Each technology is often evaluated separately:
- Solar output may be tracked through interconnection data.
- Managed charging programs are monitored through 3rd party platforms.
- Energy efficiency programs follow an entirely different framework.
When data is scattered across programs, technologies, and vendor platforms, utilities often struggle to answer basic questions, like how much peak load did these DERs actually reduce? Where did those reductions occur? Did electrification increase peak demand before mitigation programs offset it?
Without a consistent view at the service point, DER performance is often difficult for program and planning teams to interpret or act on.
The Consequences
When DER performance cannot be easily measured, planning teams rely on modeled assumptions rather than measured outcomes. Electrification impacts and mitigation programs may be evaluated independently even though they interact at the same location. Solar generation, managed charging, and other programs may each be modeled using different assumptions, making the combined impact difficult to interpret.
Research from Lawrence Berkeley National Laboratory has shown that differences between projected and realized demand-side savings can introduce uncertainty in utility planning models and resource forecasts.2 When planners cannot clearly observe how distributed resources affect system load, they often respond by applying conservative assumptions to protect reliability.
The result is a double loss: utilities build infrastructure they might not have needed, and DERs get sidelined in planning even where they could have deferred those upgrades, leaving real grid value on the table.
What It Takes to Fix DER Visibility
The good news? Improving DER visibility does not require any new technologies. It simply requires measuring what is already happening on the grid in a standardized way.
The same principles discussed in the previous post on demand response also apply here:
1. Measure DER impact at the meter.
Understanding the impact of DERs begins at the service point. Interval meter data captures the combined effect of multiple technologies operating together and shows how electricity use shifts over time as solar generates power, electric vehicles charge, or batteries discharge during peak periods.
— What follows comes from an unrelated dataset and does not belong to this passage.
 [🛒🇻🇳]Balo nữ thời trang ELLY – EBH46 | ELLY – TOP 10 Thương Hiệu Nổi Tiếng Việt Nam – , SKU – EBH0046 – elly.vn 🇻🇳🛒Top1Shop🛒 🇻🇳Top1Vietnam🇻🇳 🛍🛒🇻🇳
Measuring performance at the meter also reveals the net impact when multiple technologies interact, which is often difficult to see through device-level reporting alone. This makes it possible to separate electrification-driven load growth from mitigation programs such as managed charging or storage.
Example: A utility analyzes interval data from homes with rooftop solar and electric vehicle charging. Solar consistently reduces midday net load, while unmanaged EV charging increases evening demand. Customers enrolled in managed charging avoid that evening peak. Planning teams incorporate this difference into load forecasts and expand recruitment for managed charging.
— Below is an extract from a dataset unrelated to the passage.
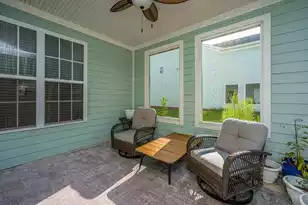 1717 Brittlebush Ln, Johns Island, SC 29455 - Photo 13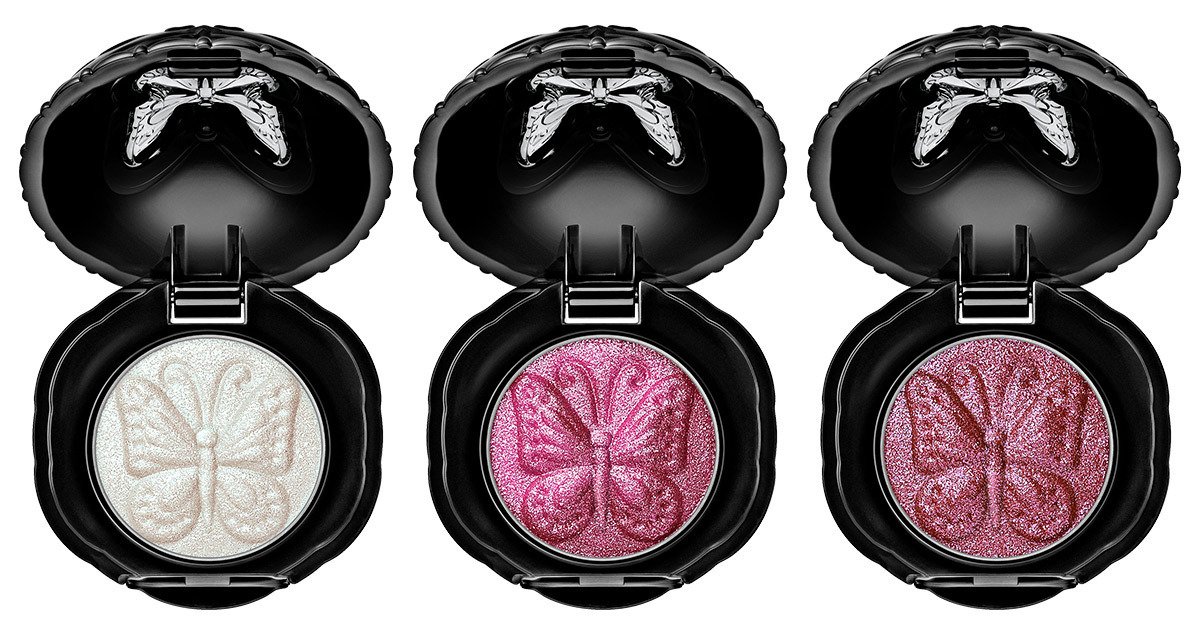 6aa199ef-035c-4fc1-9c6a-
2. Standardize DER performance reporting for more actionable insights.
DER data becomes far more useful when it is measured consistently across technologies and programs. When solar, batteries, and managed charging are evaluated using different vendor reports or assumptions, utilities struggle to compare their impact or understand where distributed resources actually reduce peak demand.
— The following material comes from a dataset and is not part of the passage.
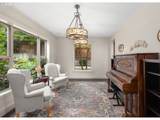2520 Ellsworth Rd - Photo 12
A standardized, meter-based view allows utilities to analyze DER performance across feeders, customer segments, and device types using the same framework. Instead of relying on portfolio averages, teams can see where distributed resources are delivering meaningful system value and where they are not. That insight helps utilities refine program targeting, prioritize constrained areas, and focus investments where demand-side resources can deliver the greatest impact.
Example: A feeder-level analysis shows that battery incentives in one constrained area consistently reduce late-afternoon loading. Similar incentives elsewhere have little impact on peak conditions. With this insight, the utility shifts program targeting toward feeders where constraints are most severe.
3. Turn continuous DER data into planning-grade insight.
When performance is measured consistently, utilities can turn continuous DER data into insights planners can use.
It also opens the door to treating distributed resources more like capacity assets. Utilities routinely procure capacity to meet reliability needs, but behind-the-meter resources are often discounted because their system impact is difficult to verify. When DER performance can be measured at the meter, planners gain the evidence needed to incorporate these resources more confidently into forecasts and resource planning decisions.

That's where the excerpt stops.